Are you someone whose Mom is no longer with us physically? 

Several of my very dear friends have lost their Mom’s in the past few months. The birthday of my cousin’s very wonderful Mom (who was a very special 2nd Mom to me) falls on the day after Mother’s Day this year. The intensity with which she is feeling the loss is almost unspeakable.

If this is you (or you are feeling stressed, overwhelmed, and perhaps lost on your life journey), take a listen to a very soothing, special piano composition from my friend and professional connection, Stanton Lanier. May this be a gift you give yourself today..
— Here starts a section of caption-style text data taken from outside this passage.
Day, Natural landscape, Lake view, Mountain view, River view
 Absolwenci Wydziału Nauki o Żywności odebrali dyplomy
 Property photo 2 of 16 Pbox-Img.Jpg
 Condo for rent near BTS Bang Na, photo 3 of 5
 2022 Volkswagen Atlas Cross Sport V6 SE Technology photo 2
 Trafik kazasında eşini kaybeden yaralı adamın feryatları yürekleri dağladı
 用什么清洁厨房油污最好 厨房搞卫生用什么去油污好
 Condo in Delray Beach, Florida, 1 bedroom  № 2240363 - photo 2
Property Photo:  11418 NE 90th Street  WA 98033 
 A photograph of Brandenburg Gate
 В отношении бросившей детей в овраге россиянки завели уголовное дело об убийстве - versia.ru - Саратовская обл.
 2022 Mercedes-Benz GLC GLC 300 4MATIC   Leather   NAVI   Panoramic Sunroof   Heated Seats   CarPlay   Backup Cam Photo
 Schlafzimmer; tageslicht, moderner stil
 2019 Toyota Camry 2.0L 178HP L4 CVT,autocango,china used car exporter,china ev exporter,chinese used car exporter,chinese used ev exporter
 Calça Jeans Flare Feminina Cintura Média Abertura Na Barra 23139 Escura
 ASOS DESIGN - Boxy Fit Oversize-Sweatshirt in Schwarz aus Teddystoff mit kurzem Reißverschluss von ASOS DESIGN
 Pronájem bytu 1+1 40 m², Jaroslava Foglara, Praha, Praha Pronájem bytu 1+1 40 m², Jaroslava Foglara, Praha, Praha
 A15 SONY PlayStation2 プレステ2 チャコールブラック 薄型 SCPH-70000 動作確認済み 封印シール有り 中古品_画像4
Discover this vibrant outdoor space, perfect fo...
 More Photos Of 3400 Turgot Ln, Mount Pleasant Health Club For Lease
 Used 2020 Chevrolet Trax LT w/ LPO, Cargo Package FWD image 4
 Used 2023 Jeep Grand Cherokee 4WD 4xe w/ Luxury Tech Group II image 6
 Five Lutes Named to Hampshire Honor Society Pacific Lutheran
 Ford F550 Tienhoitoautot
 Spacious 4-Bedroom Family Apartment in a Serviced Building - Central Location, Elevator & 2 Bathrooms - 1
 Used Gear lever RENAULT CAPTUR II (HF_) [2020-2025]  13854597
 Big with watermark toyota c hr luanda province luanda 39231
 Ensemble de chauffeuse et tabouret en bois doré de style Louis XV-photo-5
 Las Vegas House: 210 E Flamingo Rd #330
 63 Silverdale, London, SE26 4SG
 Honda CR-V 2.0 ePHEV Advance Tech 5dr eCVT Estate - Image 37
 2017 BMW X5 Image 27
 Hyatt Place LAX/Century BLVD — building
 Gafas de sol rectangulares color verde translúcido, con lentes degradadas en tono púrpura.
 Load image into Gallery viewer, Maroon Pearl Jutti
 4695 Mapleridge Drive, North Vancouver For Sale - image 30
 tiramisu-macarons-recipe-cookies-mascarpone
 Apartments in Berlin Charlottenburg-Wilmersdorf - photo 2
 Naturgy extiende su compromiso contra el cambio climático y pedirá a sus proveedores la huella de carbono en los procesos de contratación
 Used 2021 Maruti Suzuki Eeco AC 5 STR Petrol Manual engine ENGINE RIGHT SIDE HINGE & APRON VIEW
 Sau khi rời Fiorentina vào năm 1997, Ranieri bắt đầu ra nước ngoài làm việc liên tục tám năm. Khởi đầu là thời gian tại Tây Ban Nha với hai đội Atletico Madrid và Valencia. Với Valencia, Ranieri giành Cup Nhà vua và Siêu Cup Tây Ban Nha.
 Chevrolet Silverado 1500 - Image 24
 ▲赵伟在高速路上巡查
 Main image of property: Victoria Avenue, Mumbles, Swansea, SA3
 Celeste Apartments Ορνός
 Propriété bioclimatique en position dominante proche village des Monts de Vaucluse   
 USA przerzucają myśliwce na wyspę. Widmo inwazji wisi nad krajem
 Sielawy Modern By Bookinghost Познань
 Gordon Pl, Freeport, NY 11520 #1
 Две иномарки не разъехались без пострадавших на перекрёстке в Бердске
Let the tears flow if they need to..

Release the emotions you may have held in for a long time, for they do lead to healing.

How do I know? I’ve had my own tears today on Mother’s Day…for many reasons.

And I am grateful for life’s many blessings and that we all have our faith and each other to lean on in moments when life does not seem to make much sense, our hearts are broken, and perhaps hope seems dim.

As we read in Psalm 30 verse 5 “Weeping may endure for a night, but joy cometh in the morning“.